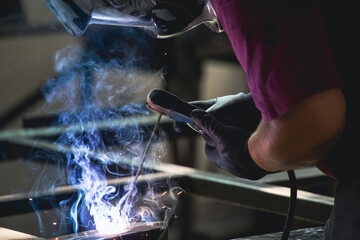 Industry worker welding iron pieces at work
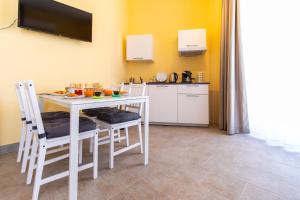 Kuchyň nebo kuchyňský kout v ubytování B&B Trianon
------------
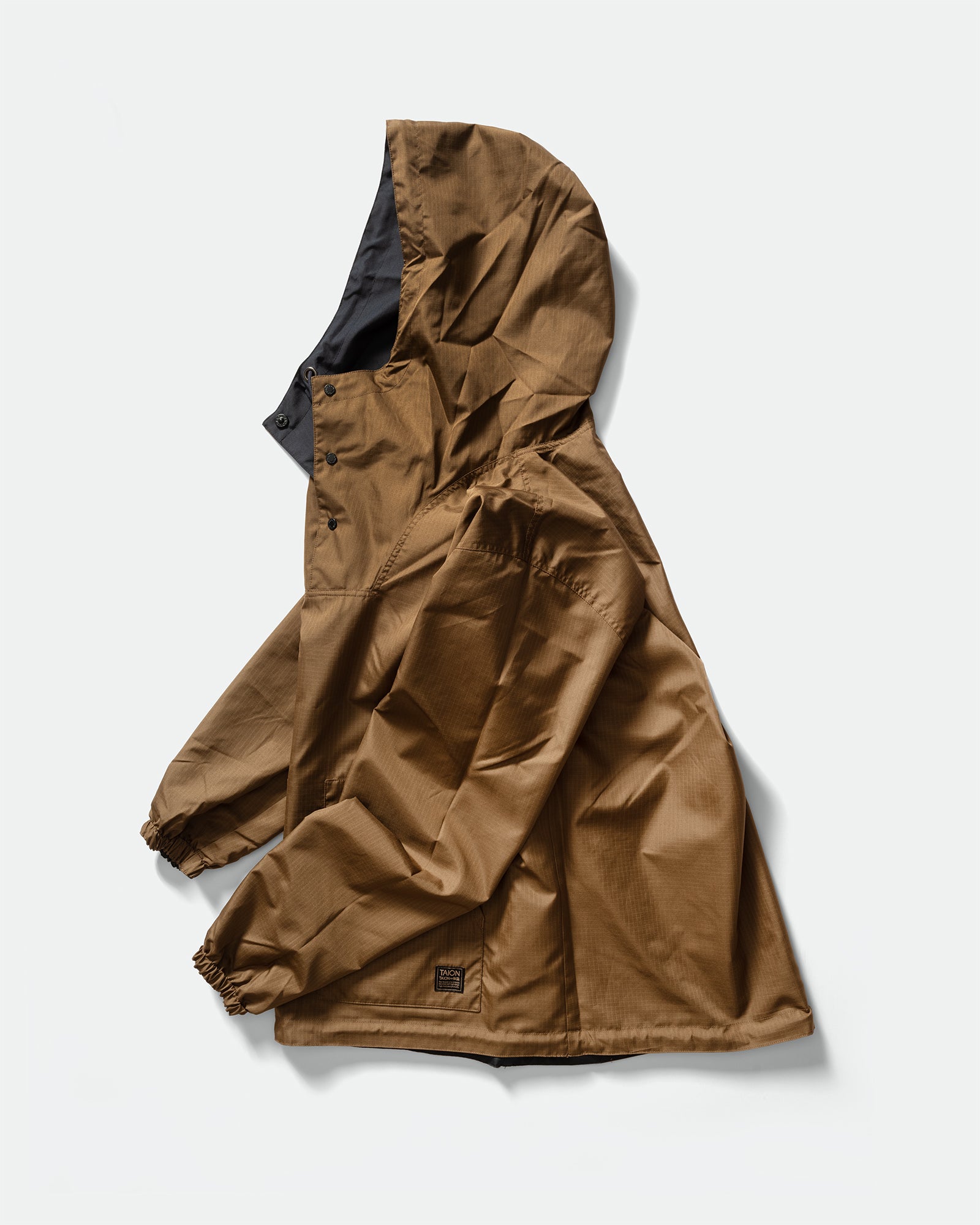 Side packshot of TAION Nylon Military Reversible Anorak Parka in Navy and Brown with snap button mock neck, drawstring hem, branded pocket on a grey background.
------------
* _Aim of the task_
Having found the line with "Industry worker welding iron pieces at work" and the line with "Kuchyň nebo kuchyňský" in the material above, write out exactly those two and every line between, leaving the pictures out.

* _Answer box_
 Industry worker welding iron pieces at work
 Kuchyň nebo kuchyňský kout v ubytování B&B Trianon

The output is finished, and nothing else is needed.